[What is being asked] A word-for-word restatement of the listing is the only acceptable answer.
### Extracted material
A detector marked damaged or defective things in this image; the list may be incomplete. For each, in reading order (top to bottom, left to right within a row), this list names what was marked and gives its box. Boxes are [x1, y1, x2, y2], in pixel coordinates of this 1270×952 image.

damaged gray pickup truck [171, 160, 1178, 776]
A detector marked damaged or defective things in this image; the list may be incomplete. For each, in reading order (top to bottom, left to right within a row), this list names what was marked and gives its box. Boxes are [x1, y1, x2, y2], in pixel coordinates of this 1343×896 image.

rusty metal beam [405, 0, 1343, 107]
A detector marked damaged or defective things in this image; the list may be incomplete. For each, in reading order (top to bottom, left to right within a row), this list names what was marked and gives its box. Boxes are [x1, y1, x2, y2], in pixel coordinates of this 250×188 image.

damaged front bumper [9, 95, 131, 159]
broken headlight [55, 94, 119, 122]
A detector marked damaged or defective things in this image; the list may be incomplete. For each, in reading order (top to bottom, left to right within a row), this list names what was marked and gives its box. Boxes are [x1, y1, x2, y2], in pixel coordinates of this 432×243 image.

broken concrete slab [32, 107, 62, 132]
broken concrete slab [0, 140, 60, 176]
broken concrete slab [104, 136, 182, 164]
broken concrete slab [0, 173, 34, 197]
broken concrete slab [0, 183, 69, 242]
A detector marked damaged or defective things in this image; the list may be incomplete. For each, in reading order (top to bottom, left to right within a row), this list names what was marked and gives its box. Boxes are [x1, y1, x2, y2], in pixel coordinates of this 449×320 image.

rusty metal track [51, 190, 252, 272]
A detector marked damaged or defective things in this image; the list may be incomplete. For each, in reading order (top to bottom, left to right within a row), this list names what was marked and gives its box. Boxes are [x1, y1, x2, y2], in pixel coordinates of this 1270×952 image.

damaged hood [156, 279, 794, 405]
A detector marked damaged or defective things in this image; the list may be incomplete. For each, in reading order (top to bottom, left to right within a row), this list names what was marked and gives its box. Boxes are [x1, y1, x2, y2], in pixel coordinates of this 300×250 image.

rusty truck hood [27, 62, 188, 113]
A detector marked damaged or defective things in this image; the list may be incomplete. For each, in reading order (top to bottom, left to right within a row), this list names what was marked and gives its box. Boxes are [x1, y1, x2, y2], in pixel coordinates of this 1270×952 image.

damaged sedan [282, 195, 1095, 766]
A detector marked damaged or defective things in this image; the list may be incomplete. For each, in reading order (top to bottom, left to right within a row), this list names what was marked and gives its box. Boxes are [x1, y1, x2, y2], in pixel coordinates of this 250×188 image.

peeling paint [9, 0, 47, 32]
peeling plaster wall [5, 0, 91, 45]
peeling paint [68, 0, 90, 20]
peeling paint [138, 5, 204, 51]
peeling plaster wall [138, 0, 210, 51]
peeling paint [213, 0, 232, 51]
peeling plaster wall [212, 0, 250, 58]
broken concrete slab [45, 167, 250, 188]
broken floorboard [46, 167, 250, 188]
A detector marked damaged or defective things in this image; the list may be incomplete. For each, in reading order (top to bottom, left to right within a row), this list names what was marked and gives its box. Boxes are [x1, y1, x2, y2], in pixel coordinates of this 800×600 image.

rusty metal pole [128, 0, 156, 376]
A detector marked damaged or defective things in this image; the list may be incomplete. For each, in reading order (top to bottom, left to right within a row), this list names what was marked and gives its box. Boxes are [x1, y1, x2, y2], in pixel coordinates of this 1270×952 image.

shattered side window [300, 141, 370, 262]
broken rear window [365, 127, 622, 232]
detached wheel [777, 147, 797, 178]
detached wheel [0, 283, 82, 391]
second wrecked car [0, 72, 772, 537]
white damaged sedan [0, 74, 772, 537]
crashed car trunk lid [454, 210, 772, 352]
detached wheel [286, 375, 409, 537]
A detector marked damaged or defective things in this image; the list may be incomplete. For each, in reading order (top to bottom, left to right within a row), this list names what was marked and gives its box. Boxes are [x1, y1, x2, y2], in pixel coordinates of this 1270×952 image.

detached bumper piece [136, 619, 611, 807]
######
[Response for this exercise]
A detector marked damaged or defective things in this image; the list may be incomplete. For each, in reading order (top to bottom, left to right within a row), this list names what was marked and gives its box. Boxes are [x1, y1, x2, y2], in pixel coordinates of this 1270×952 image.

damaged gray pickup truck [171, 160, 1178, 776]
A detector marked damaged or defective things in this image; the list may be incomplete. For each, in reading order (top to bottom, left to right within a row), this list names what was marked and gives its box. Boxes are [x1, y1, x2, y2], in pixel coordinates of this 1343×896 image.

rusty metal beam [405, 0, 1343, 107]
A detector marked damaged or defective things in this image; the list may be incomplete. For each, in reading order (top to bottom, left to right within a row), this list names what was marked and gives its box. Boxes are [x1, y1, x2, y2], in pixel coordinates of this 250×188 image.

damaged front bumper [9, 95, 131, 159]
broken headlight [55, 94, 119, 122]
A detector marked damaged or defective things in this image; the list may be incomplete. For each, in reading order (top to bottom, left to right within a row), this list names what was marked and gives its box. Boxes are [x1, y1, x2, y2], in pixel coordinates of this 432×243 image.

broken concrete slab [32, 107, 62, 132]
broken concrete slab [0, 140, 60, 176]
broken concrete slab [104, 136, 182, 164]
broken concrete slab [0, 173, 34, 197]
broken concrete slab [0, 183, 69, 242]
A detector marked damaged or defective things in this image; the list may be incomplete. For each, in reading order (top to bottom, left to right within a row), this list names what was marked and gives its box. Boxes are [x1, y1, x2, y2], in pixel coordinates of this 449×320 image.

rusty metal track [51, 190, 252, 272]
A detector marked damaged or defective things in this image; the list may be incomplete. For each, in reading order (top to bottom, left to right within a row), this list names what was marked and gives its box. Boxes are [x1, y1, x2, y2], in pixel coordinates of this 1270×952 image.

damaged hood [156, 279, 794, 405]
A detector marked damaged or defective things in this image; the list may be incomplete. For each, in reading order (top to bottom, left to right within a row), this list names what was marked and gives its box. Boxes are [x1, y1, x2, y2], in pixel coordinates of this 300×250 image.

rusty truck hood [27, 62, 188, 113]
A detector marked damaged or defective things in this image; the list may be incomplete. For each, in reading order (top to bottom, left to right within a row), this list names what was marked and gives its box. Boxes are [x1, y1, x2, y2], in pixel coordinates of this 1270×952 image.

damaged sedan [282, 195, 1095, 766]
A detector marked damaged or defective things in this image; the list may be incomplete. For each, in reading order (top to bottom, left to right within a row), this list names what was marked and gives its box. Boxes are [x1, y1, x2, y2], in pixel coordinates of this 250×188 image.

peeling paint [9, 0, 47, 32]
peeling plaster wall [5, 0, 91, 45]
peeling paint [68, 0, 90, 20]
peeling paint [138, 5, 204, 51]
peeling plaster wall [138, 0, 210, 51]
peeling paint [213, 0, 232, 51]
peeling plaster wall [212, 0, 250, 58]
broken concrete slab [45, 167, 250, 188]
broken floorboard [46, 167, 250, 188]
A detector marked damaged or defective things in this image; the list may be incomplete. For each, in reading order (top to bottom, left to right within a row), this list names what was marked and gives its box. Boxes are [x1, y1, x2, y2], in pixel coordinates of this 800×600 image.

rusty metal pole [128, 0, 156, 376]
A detector marked damaged or defective things in this image; the list may be incomplete. For each, in reading order (top to bottom, left to right within a row), this list names what was marked and gives its box. Boxes are [x1, y1, x2, y2], in pixel coordinates of this 1270×952 image.

shattered side window [300, 141, 370, 262]
broken rear window [365, 127, 622, 232]
detached wheel [777, 147, 797, 178]
detached wheel [0, 283, 82, 391]
second wrecked car [0, 72, 772, 537]
white damaged sedan [0, 74, 772, 537]
crashed car trunk lid [454, 210, 772, 352]
detached wheel [286, 375, 409, 537]
A detector marked damaged or defective things in this image; the list may be incomplete. For each, in reading order (top to bottom, left to right within a row), this list names what was marked and gives its box. Boxes are [x1, y1, x2, y2], in pixel coordinates of this 1270×952 image.

detached bumper piece [136, 619, 611, 807]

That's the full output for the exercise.